Cet automne, Mme Reding a présenté une proposition de directive controversée en vue de l'introduction d'un quota de 40% de femmes pour les postes non exécutifs des CA des grosses entreprises européennes cotées en bourse en 2020, accompagnée de sanctions. Un argument récurrent des détracteurs de cette proposition serait le nombre insuffisant de profils féminins pour accéder à ces postes. « Les écoles européennes d'affaires ont voulu remettre en cause ces questions de limites, la base de donnée internationale de femmes prêtes à entrer dans les CA montre que les femmes qualifiées sont bien là, il y en a 8000 et ce n'est qu'un début », explique la commissaire. Á ses yeux, « l'initiative tombe à point nommé pour éliminer cet argument, cela montre que les femmes sont disponibles, et que s'en passer dans les CA est une perte de talents que l'UE ne peut se permettre. Si on veut mettre en pratique ma proposition, nous avons besoin que les femmes soient là, et cela aide si on a cette base de données prête ». Ces femmes sont sélectionnées sur des critères stricts, et sont toutes qualifiées pour siéger, a ajouté la commissaire. Ces critères ont été établis par les écoles européennes de commerce et de gestion. « Mais il faut savoir qu'il ne s'agit pas d'une sorte de banque de données à qui tout le monde a accès, elle est professionnellement accessible aux entreprises, aux chasseurs de tête, car elle garantit la protection des données », précise-t-elle.

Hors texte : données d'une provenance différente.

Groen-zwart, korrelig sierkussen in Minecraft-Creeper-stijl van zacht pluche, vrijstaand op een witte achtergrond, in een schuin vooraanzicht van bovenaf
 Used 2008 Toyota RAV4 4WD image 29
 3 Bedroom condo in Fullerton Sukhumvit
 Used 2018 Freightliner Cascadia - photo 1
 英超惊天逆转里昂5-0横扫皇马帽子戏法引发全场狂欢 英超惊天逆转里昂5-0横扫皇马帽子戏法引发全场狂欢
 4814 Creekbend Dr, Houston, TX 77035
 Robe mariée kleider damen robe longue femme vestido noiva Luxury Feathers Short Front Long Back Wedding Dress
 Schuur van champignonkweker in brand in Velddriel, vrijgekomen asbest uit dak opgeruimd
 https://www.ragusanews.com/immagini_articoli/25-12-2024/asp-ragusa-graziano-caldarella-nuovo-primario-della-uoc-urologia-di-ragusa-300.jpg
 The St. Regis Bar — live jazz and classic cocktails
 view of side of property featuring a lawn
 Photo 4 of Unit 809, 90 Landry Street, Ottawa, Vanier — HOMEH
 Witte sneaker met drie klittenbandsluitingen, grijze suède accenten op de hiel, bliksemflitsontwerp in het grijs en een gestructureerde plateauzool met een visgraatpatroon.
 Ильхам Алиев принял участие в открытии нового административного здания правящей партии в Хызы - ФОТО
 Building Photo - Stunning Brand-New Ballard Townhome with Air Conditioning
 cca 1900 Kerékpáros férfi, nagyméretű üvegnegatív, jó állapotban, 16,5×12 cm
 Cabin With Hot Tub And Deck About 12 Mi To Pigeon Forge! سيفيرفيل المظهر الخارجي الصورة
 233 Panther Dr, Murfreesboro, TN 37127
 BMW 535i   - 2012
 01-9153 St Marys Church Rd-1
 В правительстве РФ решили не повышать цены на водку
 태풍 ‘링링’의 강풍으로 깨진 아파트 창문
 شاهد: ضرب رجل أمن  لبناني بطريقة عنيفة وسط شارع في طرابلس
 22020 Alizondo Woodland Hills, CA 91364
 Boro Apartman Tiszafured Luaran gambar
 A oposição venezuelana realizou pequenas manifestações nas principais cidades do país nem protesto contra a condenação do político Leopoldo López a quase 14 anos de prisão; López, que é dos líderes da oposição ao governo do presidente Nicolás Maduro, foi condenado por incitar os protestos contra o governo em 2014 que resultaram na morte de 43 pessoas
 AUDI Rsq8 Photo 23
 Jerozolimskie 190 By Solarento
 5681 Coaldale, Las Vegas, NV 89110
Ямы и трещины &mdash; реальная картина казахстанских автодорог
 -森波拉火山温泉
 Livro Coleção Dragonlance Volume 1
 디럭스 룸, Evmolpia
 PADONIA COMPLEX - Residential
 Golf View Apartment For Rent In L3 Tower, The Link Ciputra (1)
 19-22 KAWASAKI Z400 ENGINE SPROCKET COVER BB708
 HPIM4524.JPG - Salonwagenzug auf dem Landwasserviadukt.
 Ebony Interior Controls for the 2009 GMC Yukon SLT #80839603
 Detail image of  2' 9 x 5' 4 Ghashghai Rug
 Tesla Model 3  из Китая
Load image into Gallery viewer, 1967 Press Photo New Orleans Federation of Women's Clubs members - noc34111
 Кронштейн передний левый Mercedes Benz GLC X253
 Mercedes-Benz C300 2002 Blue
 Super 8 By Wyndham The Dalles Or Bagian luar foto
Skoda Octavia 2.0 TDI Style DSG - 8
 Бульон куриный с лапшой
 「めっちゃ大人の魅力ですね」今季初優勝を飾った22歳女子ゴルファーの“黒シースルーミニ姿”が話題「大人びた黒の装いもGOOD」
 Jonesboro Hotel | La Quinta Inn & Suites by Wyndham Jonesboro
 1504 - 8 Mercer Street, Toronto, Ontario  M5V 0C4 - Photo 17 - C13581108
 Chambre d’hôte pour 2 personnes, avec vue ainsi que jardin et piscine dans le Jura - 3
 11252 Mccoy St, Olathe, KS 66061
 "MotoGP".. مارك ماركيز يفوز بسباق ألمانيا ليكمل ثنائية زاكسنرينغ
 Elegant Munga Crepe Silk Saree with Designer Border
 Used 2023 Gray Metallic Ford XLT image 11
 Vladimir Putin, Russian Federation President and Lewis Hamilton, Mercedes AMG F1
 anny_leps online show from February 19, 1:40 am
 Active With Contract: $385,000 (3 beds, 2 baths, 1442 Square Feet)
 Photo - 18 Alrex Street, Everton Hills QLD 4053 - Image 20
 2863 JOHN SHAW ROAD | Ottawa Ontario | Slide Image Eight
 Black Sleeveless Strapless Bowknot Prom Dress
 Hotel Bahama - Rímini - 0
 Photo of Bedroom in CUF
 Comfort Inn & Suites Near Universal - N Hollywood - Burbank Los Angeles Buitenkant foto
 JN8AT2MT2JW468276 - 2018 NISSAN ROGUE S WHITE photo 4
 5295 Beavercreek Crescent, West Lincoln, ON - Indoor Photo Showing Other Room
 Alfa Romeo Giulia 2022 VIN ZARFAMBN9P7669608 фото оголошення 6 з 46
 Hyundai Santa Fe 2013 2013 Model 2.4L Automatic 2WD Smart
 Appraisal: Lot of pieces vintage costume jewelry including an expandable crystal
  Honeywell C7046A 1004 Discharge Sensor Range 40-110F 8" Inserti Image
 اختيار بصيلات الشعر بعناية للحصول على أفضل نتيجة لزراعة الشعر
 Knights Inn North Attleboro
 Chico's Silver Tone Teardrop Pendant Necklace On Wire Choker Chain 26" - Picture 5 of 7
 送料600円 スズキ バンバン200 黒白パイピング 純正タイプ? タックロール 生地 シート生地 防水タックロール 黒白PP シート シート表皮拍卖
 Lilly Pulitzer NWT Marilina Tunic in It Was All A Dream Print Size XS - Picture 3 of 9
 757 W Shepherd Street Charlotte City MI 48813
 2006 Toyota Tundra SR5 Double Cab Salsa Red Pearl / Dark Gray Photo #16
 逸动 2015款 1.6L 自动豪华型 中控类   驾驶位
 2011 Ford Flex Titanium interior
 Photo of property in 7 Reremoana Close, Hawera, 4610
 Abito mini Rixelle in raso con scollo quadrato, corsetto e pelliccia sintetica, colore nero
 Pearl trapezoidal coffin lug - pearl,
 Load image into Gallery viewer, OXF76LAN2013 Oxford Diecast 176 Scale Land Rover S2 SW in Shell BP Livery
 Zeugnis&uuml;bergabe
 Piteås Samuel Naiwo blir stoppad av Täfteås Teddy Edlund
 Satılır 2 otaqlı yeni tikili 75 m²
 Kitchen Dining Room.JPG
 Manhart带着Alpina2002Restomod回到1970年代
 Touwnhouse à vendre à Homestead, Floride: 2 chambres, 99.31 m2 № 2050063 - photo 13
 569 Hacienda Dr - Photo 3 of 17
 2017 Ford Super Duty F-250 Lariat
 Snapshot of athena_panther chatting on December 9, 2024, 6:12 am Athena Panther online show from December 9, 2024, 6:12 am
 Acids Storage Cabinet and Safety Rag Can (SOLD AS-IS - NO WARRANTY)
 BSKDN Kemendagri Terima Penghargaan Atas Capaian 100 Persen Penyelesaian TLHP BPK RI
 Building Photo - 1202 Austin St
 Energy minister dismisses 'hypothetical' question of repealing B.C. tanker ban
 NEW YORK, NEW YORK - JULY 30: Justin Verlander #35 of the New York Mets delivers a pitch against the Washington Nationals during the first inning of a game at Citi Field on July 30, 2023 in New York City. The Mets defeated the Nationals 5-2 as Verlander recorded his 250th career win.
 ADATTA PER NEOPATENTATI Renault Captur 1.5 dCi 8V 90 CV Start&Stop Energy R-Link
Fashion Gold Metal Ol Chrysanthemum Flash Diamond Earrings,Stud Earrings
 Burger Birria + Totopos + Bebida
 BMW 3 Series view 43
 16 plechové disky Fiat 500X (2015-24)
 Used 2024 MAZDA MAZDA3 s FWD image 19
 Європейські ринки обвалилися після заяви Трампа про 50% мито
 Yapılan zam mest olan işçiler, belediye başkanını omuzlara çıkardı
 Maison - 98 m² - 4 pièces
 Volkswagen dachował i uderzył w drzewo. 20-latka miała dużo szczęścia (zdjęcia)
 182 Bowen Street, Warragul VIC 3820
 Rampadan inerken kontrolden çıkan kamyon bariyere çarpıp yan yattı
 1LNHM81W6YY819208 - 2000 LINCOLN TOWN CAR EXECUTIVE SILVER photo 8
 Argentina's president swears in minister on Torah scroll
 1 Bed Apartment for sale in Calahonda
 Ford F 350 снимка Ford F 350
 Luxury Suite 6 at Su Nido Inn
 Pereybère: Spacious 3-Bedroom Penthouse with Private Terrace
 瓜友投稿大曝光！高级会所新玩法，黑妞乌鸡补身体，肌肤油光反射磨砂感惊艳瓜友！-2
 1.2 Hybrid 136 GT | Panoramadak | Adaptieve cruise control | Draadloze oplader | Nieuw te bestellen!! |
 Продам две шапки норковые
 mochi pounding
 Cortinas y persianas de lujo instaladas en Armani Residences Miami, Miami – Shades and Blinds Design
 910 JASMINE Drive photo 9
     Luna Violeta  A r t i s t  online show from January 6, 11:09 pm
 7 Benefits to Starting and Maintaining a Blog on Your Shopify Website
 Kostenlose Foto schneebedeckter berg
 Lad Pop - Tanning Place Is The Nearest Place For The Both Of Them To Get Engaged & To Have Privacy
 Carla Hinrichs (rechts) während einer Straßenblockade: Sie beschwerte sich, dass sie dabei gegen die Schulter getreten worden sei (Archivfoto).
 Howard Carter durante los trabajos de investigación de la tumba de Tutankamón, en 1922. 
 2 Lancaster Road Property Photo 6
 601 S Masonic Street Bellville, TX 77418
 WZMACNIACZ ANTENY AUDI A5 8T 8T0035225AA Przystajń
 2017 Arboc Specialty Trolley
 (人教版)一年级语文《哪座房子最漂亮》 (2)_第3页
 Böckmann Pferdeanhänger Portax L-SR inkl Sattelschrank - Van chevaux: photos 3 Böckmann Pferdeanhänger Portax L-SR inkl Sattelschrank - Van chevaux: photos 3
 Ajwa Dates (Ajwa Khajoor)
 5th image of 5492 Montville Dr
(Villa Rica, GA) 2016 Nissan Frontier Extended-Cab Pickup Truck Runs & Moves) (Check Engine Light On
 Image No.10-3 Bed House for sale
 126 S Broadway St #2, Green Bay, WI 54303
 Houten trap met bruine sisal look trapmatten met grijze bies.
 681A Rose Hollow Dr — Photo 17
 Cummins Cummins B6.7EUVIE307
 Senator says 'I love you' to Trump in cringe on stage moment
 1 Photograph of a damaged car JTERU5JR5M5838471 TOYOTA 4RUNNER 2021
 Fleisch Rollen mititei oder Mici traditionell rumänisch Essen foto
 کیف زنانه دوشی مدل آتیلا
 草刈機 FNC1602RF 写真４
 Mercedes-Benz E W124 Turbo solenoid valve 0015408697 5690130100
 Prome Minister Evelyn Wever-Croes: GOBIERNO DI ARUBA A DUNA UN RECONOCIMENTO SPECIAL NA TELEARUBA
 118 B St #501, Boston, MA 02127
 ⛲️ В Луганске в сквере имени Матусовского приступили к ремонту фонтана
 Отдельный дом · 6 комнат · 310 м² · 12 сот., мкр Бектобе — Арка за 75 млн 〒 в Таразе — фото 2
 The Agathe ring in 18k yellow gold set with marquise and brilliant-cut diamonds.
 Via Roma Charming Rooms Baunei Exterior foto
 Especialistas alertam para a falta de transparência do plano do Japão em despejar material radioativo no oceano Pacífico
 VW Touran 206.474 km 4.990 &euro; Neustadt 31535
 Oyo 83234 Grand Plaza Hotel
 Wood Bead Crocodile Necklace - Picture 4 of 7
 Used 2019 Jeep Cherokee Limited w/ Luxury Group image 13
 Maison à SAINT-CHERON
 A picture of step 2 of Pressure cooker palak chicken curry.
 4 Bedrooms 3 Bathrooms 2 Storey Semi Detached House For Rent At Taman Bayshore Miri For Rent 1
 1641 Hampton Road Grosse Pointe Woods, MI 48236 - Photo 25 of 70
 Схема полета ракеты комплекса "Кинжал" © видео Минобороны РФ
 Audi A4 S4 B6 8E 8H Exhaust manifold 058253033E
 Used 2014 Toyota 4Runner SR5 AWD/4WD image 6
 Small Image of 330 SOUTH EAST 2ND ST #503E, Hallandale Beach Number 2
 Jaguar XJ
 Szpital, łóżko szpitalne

Très petite minorité mécontente. Sa proposition législative met l'accent sur la qualification et le mérite des candidates. « Ce sera possible grâce à la législation européenne mais aussi à la banque de données, car la qualité est mise sur le devant de la scène », souligne Mme Reding. La procédure législative à propos des quotas a débuté, et les Vingt-sept ont procédé à un premier échange lors du Conseil EPSCO du 7 décembre, en présence de Mme Reding. Celle-ci affirme que « bien qu'il y a ait une très petite minorité d'États membres qui ne sont pas très contents, une majorité d'États membres pensent que c'est une voie intéressante, positive, constructive ». (MD)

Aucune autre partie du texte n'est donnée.